Pink Floyd’s Roger Waters Discusses The Influence Of John Lennon In Unearthed Interview
Words by Riley Fitzgerald
Graphic by Press
“I only met John Lennon once, to my huge regret, and that was in the control room at Number 2,” Roger Waters once shared with Rolling Stone. “He was a bit acerbic. He was quite snotty – so was I!”
This crossing of paths occurred in at one of the Beatles’ recording sessions for Sgt. Pepper’s Lonely Hearts Club Band while Pink Floyd were also at Abbey Road recording their own 1967 debut Piper At the Gates of Dawn.
The Beatles’ and Lennon’s solo work were an immense influence on the Pink Floyd visionary, something he expands upon in the following transcript of a 2000 MSN webcast.
Question: What other artist’s work interests you?
Roger Waters: I think John Lennon’s first solo album will always be in my top five. Neil Young is a big favorite of mine. His performance in that film was stunning. I think a great singer-songwriter is the best part of the musical spectrum.

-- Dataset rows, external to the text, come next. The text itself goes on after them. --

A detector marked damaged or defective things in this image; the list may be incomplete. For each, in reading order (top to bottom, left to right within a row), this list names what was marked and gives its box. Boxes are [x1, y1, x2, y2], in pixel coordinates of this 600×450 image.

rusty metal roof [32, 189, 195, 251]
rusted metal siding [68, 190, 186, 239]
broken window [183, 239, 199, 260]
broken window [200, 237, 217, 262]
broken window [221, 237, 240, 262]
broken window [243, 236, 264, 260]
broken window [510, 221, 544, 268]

I was watching the last waltz because I’ll be filming. I was struck by the rawness of The Band’s Big Pink.
Later, Waters mentions John Lennon again.
Question: Your three wishes?
Roger Waters: That the innocent should be spared, the guilty should be forgiven and that John Lennon should have been seen as right when he said, “all you need is love.”

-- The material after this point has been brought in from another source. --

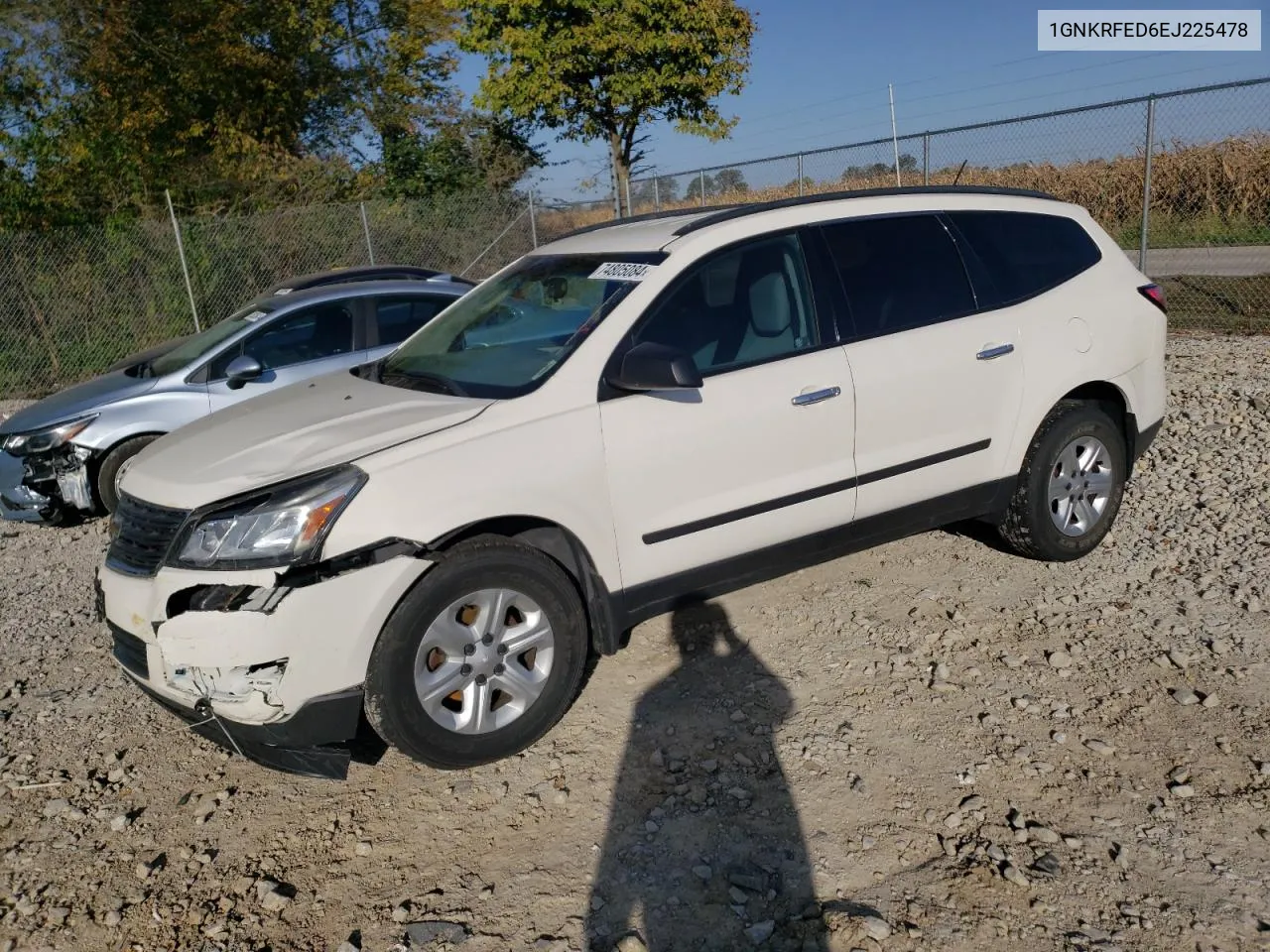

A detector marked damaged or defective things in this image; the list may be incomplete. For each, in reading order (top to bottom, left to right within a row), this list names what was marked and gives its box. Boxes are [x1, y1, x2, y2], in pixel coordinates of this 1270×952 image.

damaged front bumper [0, 446, 93, 523]
damaged silver sedan [0, 279, 472, 525]
damaged front bumper [93, 547, 429, 776]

13 years after his MSN webcast took place Waters would cover Lennon’s ‘Imagine’ at a Stand Up For Heroes charity concert.
In 1985 Waters would cover Lennon’s ‘Across the Universe’ for a BBC TV special ‘A Journey in the Life of John Lennon.’
Waters would also elaborate upon the influence of Lennon alongside of the rest of the Beatles on Pink Floyd‘s own work in a 2015 interview with radio station KLCS.
“I learned from John Lennon and Paul McCartney and George Harrison,” he shared, “that it was okay for us to write about our lives, and what we felt — and to express ourselves… That we could be free artists and that there was a value in that freedom. And there was.”